Unterlassungsanspruch bezieht sich nur auf eine bestimmte E-Mail-Adresse

Entgegen einer anderslautenden Entscheidung des LG Hagen hat das Oberlandesgericht Frankfurt a.M. entschieden, dass der Unterlassungsanspruch bei unverlangter E-Mail-Werbung sich lediglich auf eine bestimmte E-Mail-Adresse bezieht. Das Gericht betont dabei jedoch, dass dies nicht bei einem wettbewerbsrechtlichen Anspruch gelte. Von Rechtsanwalt Daniel Schätzle

Sachverhalt

In dem Verfahren standen sich die früheren Betreiber der Plattform outlets.de, die IContent GmbH, und eine Privatperson gegenüber. Letztere hatte eine Bestätigungsmail von den Betreibern mit einem Aktivierungslink zur Anmeldung auf der Plattform erhalten. Ob die Bestätigungsmail tatsächlich von der Privatperson oder einem Dritten ausgelöst wurde, blieb offen. Dies konnte letztlich jedoch dahinstehen, da eine Aktivierung unstreitig nicht erfolgte. Dennoch erhielt die Privatperson Zahlungsaufforderungen an drei ihrer E-Mail-Adressen. In einer davon wurde ein negativer Schufa-Eintrag in Aussicht gestellt.

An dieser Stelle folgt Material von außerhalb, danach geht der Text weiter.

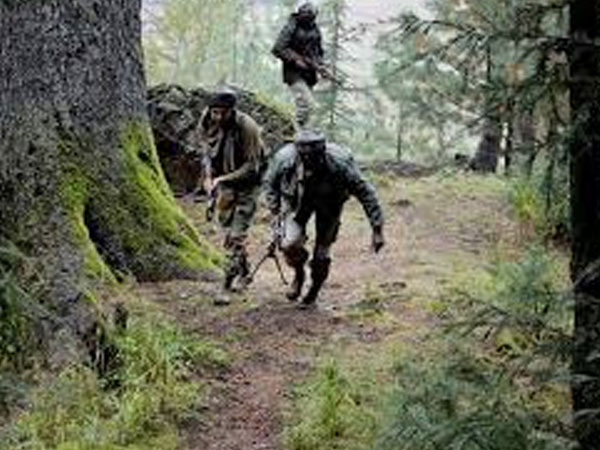 J&K: Terrorists lob grenade attack Army camp in Pulwama Kakpora J&K: Terrorists lob grenade attack Army camp in Pulwama Kakpora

Die Zahlungsaufforderungen wurden zurückgewiesen und ein Anwalt wurde eingeschaltet, der die Betreiber wegen unverlangter E-Mail-Werbung abmahnte. Daraufhin erhoben die Betreiber eine sogenannte negative Feststellungsklage mit dem Ziel feststellen zu lassen, dass ein Anspruch nicht bestehe. Hiergegen wendete sich der Betroffene mit einer sogenannten Widerklage mit dem Ziel, dass die Betreiber gerichtlich zur Unterlassung verpflichtet werden.

Die Widerklage setzte sich durch und die Betreiber wurden zur Unterlassung verurteilt. Dabei beschränkte das LG Frankfurt das Unterlassungsgebot jedoch nicht auf bestimmte E-Mail-Adressen sondern generell auf E-Mail-Werbung. Hiergegen wendeten sich die Betreiber unter anderem mit ihrer Berufung. Das OLG Frankfurt beschränkte das Unterlassungsgebot sodann auf konkret benannte E-Mail-Adressen.

 

Zweifel an der Unzulässigkeit des Double-Opt-In-Verfahrens

Das Gericht ließ es sich bei dieser Gelegenheit nicht nehmen darauf hinzuweisen, dass es Zweifel an der Richtigkeit der Münchener Entscheidung zum Double-Opt-In-Verfahren habe:

„Es mag dahinstehen, ob bereits die Übersendung der ersten Bestätigungsmail an den Beklagten mit dem Aktivierungslink in diesem Sinne eine unerlaubte Werbe-E-Mail darstellte, was äußerst zweifelhaft erscheint.“

Hier ist das letzte Wort also noch nicht gesprochen.

 

Zahlungsaufforderung als Spam

Weiter musste sich das Gericht damit auseinandersetzen, warum eine unberechtigte Zahlungsaufforderung per E-Mail als Werbung anzusehen ist. Ausgehend von dem weiten Verständnis des Werbebegriffs viel dies recht leicht. Zunächst betonte das Gericht, dass auch die Übermittlung von Rechnungen, Zahlungsaufforderungen und Mahnungen dem Absatz und der Verwertung eigener Leistungen dienen, mithin als Werbung anzusehen sind. So dann wurde korrekt festgestellt:

„Auf die Berechtigung der klägerischen Schufa-Warnung kommt es nicht an, weil der Beklagte einen generellen Anspruch auf Unterlassung der Verwendung seiner E-Mail-Adressen zu geschäftlichen Zwecken außerhalb bestehender Vertragsverhältnisse hat.“

Damit ist selbstverständlich die Aussendung einer Zahlungsaufforderung per E-Mail nicht als Spam anzusehen, wenn zwischen den Beteiligten ein Vertragsverhältnis besteht und die Zahlungsaufforderung dieses betrifft. Untergeschobene Zahlungsaufforderungen stellen dagegen Spam dar.

 

Unterlassungsanspruch bezieht sich nur auf eine bestimmte E-Mail-Adresse

Das Gericht hielt die Berufung der Betreiber jedoch insoweit für begründet, als sich der Unterlassungsanspruch generell auf E-Mail-Adressen des Betroffenen bezog.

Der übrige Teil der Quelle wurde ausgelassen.